┌────────

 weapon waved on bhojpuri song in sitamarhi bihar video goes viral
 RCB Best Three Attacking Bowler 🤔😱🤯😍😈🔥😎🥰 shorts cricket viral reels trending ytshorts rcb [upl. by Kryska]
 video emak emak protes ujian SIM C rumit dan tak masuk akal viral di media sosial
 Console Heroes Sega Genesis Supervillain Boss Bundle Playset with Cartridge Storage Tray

└────────
┌────────

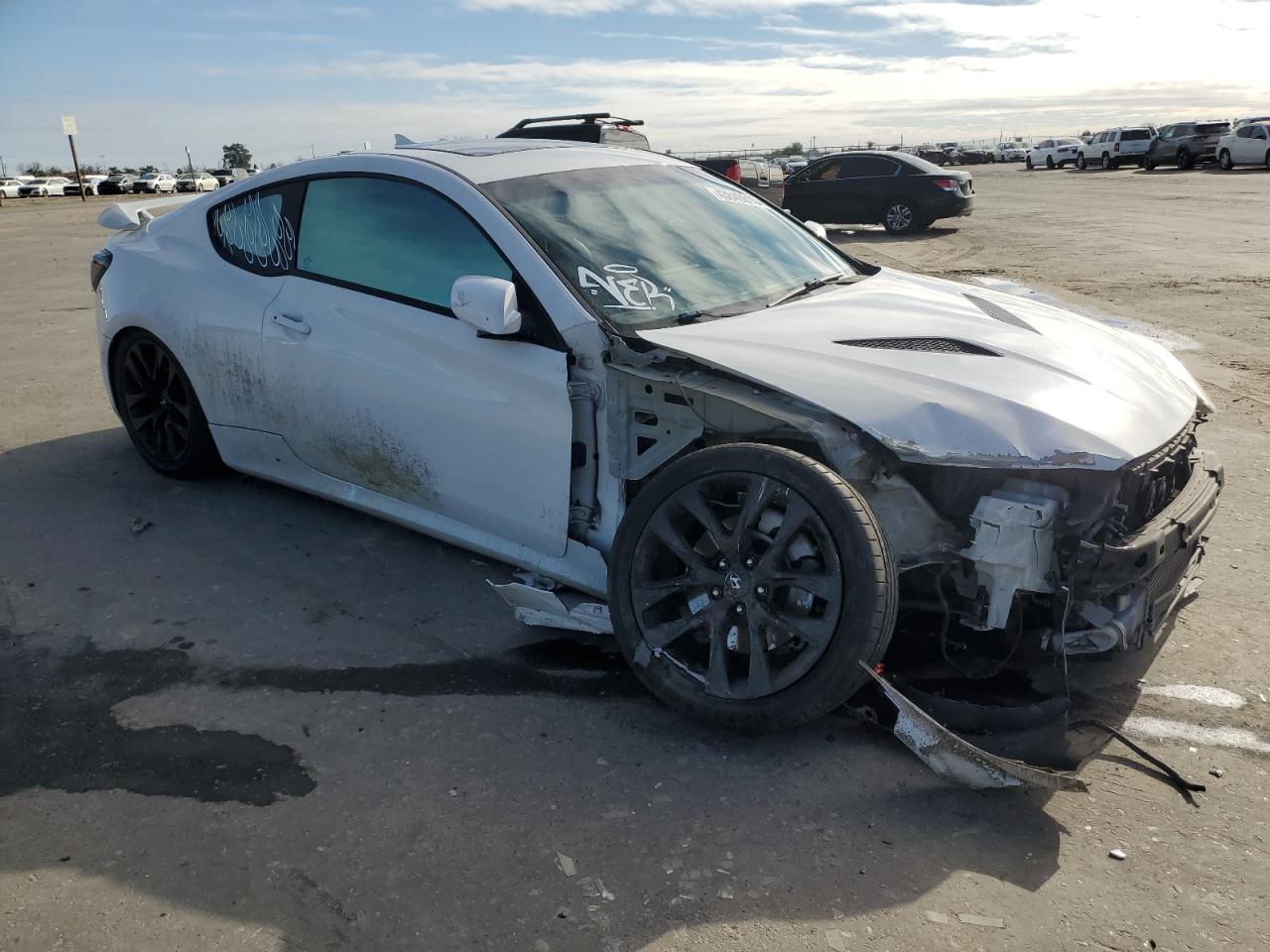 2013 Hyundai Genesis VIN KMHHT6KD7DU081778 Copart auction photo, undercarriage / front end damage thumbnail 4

└────────
┌────────

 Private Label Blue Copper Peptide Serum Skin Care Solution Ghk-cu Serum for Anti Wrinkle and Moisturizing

└────────

▸ **WORK TO BE COMPLETED**
Look over the material above and report each line holding "viral".

▸ **RESPONSE**
 weapon waved on bhojpuri song in sitamarhi bihar video goes viral
 RCB Best Three Attacking Bowler 🤔😱🤯😍😈🔥😎🥰 shorts cricket viral reels trending ytshorts rcb [upl. by Kryska]
 video emak emak protes ujian SIM C rumit dan tak masuk akal viral di media sosial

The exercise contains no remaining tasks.